The Epistle to the Romans

If we compare the New Testament to a lofty building, the Epistle to the Romans would answer to the foundation; whilst the highest part of the building would answer to the Epistles to the Ephesians and Colossians. When a business man steps into such a building, and asks for the top floor, and rises quickly in the lift to reach this height, he leaves the foundation in one sense, and yet never for one moment in another sense does he leave it. The higher he goes the more conscious is he that the great building needs, and must have, a very substantial foundation. Thus we can see how indebted we are to the Epistle to the Romans, as setting forth the solid foundation on which God rears the vast edifice of His choicest blessings to the believer.

There is also a most intimate connection between the Epistle to the Romans and the four Gospels. The Gospels give us the historical facts of the Gospel, how our Lord entered this world of sin and sorrow: how He lived His life for God’s glory and man’s blessing; how He died on Calvary’s cross, the one and only efficacious sacrifice for settling the question of sin for God’s glory and the blessing of men; how He rose from the dead as witnessed by many witnesses; how He ascended to glory at God’s right hand; and how the promise of His return was given to those who saw Him ascend. But unspeakably precious as they are, they do not set out to teach in an orderly and systematic way the blessings flowing forth from the wondrous death of our Lord.

The Epistle to the Romans, as far as the Gospel of God is concerned, is the necessary complement of the Gospels. It is this that makes this epistle so deeply important. It was said that when Phoebe carried the manuscript of the Epistle to the Romans under her cloak as she started to Rome, she may not have realised that she was carrying the very charter of the Gospel of the grace of God to the then metropolis of the world, and for all time. But so it was.

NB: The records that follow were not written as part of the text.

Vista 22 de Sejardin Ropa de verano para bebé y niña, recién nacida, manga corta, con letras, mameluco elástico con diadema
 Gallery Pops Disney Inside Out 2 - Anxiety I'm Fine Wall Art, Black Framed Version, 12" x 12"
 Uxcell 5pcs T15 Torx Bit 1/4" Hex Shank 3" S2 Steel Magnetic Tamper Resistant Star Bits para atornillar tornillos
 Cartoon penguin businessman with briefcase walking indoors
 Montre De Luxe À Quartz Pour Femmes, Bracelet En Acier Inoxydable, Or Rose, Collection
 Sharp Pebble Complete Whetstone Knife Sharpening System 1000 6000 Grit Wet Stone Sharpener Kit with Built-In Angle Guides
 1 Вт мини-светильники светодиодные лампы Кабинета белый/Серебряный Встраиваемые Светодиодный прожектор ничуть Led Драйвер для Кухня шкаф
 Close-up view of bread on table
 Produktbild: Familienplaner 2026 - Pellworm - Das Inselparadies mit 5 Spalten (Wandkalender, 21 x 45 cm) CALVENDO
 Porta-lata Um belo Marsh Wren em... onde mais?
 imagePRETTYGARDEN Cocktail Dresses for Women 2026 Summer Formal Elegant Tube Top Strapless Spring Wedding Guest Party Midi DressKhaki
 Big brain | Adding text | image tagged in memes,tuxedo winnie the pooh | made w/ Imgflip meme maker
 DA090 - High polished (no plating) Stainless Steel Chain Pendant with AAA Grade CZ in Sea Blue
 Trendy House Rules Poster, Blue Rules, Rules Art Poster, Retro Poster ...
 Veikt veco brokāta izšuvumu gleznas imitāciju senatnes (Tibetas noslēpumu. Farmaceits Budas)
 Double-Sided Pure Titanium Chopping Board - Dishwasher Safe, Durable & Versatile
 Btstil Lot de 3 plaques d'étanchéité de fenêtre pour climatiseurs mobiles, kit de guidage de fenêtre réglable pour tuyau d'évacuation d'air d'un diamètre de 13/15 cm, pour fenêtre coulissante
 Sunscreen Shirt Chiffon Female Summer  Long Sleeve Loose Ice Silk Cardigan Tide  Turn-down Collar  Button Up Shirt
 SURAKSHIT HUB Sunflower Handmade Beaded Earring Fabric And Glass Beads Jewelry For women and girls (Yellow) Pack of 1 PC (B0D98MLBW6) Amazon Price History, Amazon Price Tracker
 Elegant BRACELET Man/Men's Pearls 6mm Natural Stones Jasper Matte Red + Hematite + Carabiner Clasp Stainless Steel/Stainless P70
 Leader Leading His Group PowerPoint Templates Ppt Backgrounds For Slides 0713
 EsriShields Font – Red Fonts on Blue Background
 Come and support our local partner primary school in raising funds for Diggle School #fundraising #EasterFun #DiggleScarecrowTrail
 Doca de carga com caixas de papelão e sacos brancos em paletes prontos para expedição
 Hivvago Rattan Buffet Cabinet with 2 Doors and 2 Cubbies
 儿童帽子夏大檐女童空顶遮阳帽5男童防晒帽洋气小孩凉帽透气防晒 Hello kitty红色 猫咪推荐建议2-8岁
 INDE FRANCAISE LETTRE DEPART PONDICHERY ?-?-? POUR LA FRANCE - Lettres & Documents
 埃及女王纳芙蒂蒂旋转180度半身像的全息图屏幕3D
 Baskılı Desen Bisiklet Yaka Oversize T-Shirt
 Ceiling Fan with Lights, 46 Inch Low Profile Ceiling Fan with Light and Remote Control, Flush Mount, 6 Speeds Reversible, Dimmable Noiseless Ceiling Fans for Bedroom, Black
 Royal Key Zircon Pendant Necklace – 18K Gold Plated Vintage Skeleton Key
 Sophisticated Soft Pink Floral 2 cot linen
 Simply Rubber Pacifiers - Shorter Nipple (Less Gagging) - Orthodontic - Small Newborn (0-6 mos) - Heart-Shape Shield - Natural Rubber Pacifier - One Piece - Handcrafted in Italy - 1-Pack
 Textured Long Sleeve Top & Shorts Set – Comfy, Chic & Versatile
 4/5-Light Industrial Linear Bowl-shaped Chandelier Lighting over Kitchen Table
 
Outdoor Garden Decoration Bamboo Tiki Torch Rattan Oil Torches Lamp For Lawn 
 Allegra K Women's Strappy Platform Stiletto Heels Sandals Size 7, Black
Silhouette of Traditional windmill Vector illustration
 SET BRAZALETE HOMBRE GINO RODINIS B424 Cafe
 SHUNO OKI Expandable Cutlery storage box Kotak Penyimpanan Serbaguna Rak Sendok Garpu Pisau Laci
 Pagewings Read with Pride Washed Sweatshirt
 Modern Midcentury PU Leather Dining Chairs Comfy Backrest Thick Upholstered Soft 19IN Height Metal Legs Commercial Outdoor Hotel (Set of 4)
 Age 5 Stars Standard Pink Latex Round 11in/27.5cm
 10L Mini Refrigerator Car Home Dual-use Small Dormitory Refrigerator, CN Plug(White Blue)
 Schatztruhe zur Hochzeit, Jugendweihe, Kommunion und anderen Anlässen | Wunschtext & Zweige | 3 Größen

This Epistle to the Romans gives a very orderly presentation of the Gospel of the grace of God. It is addressed to Christians, already in an assembly of God in Rome. It is true that when the Lord is first trusted as Saviour, the believer knows very little of the Gospel. He must know enough to make him realise that believing on the Lord carries with it forgiveness of sins and salvation. After he is converted he needs instruction as to the full truth of the Gospel, and this is furnished in this Epistle. It is therefore the wisdom of all believers to study it carefully and prayerfully.

CHAPTER 1

The Epistle begins by the Apostle Paul’s declaration that he is not ashamed of the Gospel of Christ, that it is the power of God to salvation. He then proceeds to review the heathen world. What of those who have never heard the Gospel and know nothing of the Saviour’s death? They have a testimony rendered to them in creation. “The heavens declare the glory of God; and the firmament shows His handiwork” (Ps. 19:1). In this God’s “eternal power and Godhead” are presented, which, if rejected, leaves the heathen “without excuse” (chap. 1:20). Alas! that men should turn from the living God, and bow down to images made like to corruptible man, to birds, four-footed creatures and even creeping things. Such is man!

CHAPTER 2

Then the Apostle takes up the case of the more enlightened heathen, who has enough knowledge to rebuke those on the lower scale of humanity, forgetting that whilst doing so, he is committing the very sins he denounces in others.

CHAPTER 3

Finally he takes up the question of the Jew from verse 17 of chapter 2. To them were given the oracles of God. To them God made Himself known in a special way, testing mankind whether there should be a response to His law or not. The Jew is found to be no better than his heathen counterpart—Jew and Gentile are alike proved to be under sin.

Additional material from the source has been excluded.